Of course, play was washed out completely and thus many difficult questions did not need to be answered. And yet, simply because the match resumed from where it had stopped, both teams got to bat under significantly different conditions. Arguably, had rain not intervened on the first day, the outcome of the match might have been different.

Cricket is a game that is full of an exceedingly large number of variables. The pitch plays an inordinate role in determining the course of the game. Not only is the nature of the pitch itself a variable, but it has a way of changing its character mid-game, it can ease out, dry up, begin to wear, become damp, and each of these conditions can change the course of a game while it is in progress. The weather plays a huge role, as does the direction of the wind. The ball behaves very differently depending on how old it is. The toss is often vital, and can sometimes pretty much determine the outcome of a game. The idea that both teams operate under similar conditions is never true in any real sense.

This is an impossibly large number of variables to account for and no wonder the DLS struggles. Currently, it reduces the variables to just two- the number of overs left and the number of wickets remaining, the logic being that these are the resources at both teams’ disposal that need to be deployed to reach the revised target. There might be a better way of doing this, and tomorrow perhaps artificial intelligence could find a way to juggle many more variables than is currently possible, but chances are that it will make the system no less baffling, for what is being attempted is itself the problem.

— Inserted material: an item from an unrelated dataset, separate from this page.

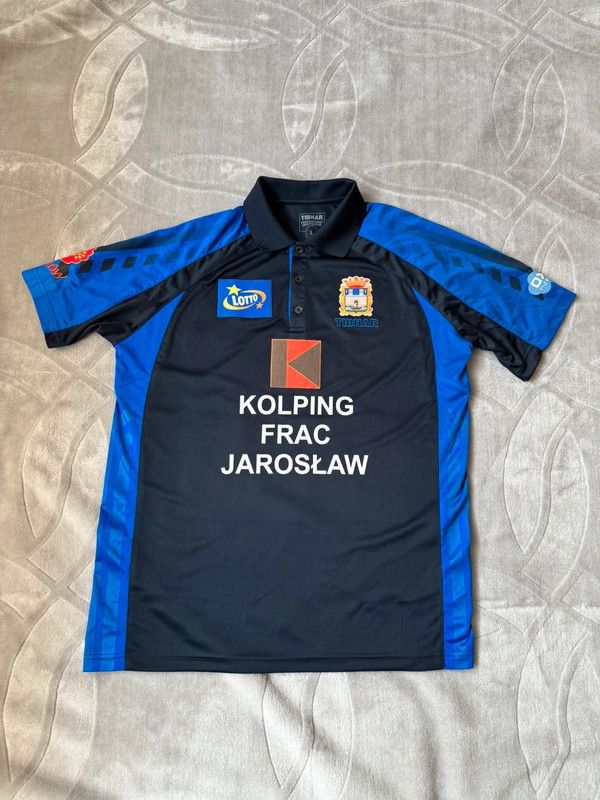 Sports Specialties Tibhar Kolping Frac Jarosław Patryk Zatówka L tennis jersey Size US L / EU 52-54 / 3 - 1 Thumbnail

Conditions are ecological in nature, and one simply cannot be equal to another. The more complex a game, like cricket undoubtedly is, the easier it is to acknowledge this, but really this is true of all sports, and indeed of life itself. In any sport, we see the same players play very differently depending on time, whether the game is played in front of a home audience or not. Indeed, within the same game, there are times when for any player the sun burst through the clouds, angels sing in divine harmony, the world hums as one. Ball comes off the racquet at impossible angles, glorious passes melt into incredible finishes, the body moves in blurs of light, and the players seems otherworldly in their skill. And then suddenly, nothing works. One becomes a mass of clumsy limbs and awkward timing; the mind inept and the body forgetful.

We use pretend-words to try and explain this. Good form, being in the zone, operating at one’s peak, these are all ways of telling ourselves that we know what is happening when in fact when we haven’t the slightest clue. It is another way to shrug our shoulders, and point upwards and marvel at the inexplicable nature of the world.

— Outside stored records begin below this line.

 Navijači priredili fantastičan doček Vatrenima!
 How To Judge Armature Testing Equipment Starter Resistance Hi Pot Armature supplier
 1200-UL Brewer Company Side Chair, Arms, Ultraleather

At its heart most sport is about rival teams or individuals using the best resources they can muster, working with the same constraints and operating under the same degree of difficulty trying to fulfil one task better than the other. Try as one might, one can only endeavour to provide the same arena for everyone. Perhaps it might be better to embrace the unevenness of the operating conditions, for sport gets its magic precisely because top seeds perish, rankings can become a joke, and on the day, anything can happen. In cricket, for instance, if we find it easy to accept the randomness introduced by the toss, or by injuries, then why not of the DLS? After all, as long both sides have sides have the same chance of encountering a new constraint, why should it matter?

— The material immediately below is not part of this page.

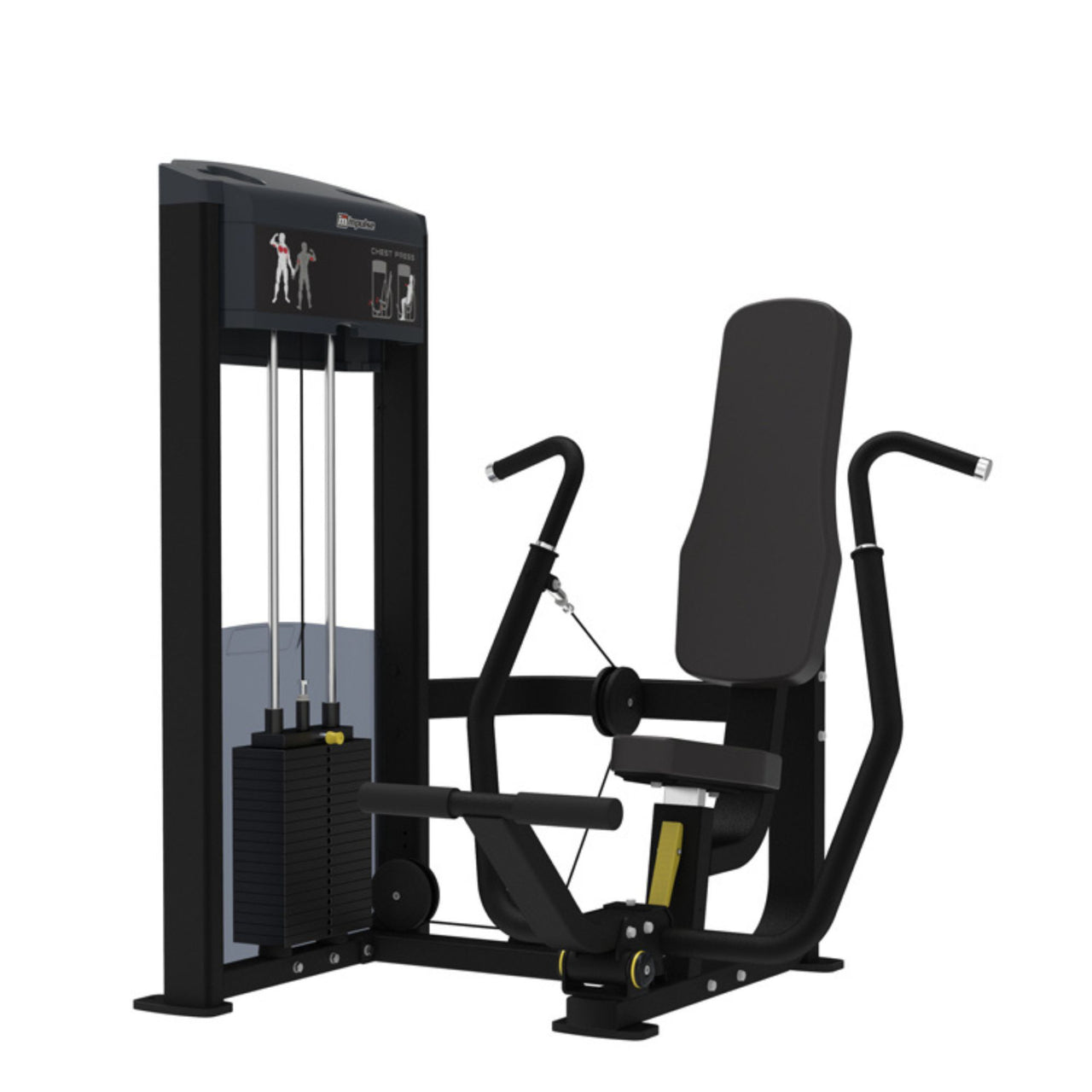 IMPULSE Commercial Pin-Loaded Chest Press | MADE TO ORDER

Traditionally it is believed that sport exists to acknowledge the excellent amongst us. it is a showcase for human beings outdoing themselves constantly. What if it were also a theatre meant to illustrate the power of nature, of time and its contrariness and of the eventual limits of human ambition and ability? Sport holds our interest because the expected does not always happen, and the stronger do not always triumph. That is why sport is so engaging. To remind us that human beings can constantly surprise us and be constantly surprised.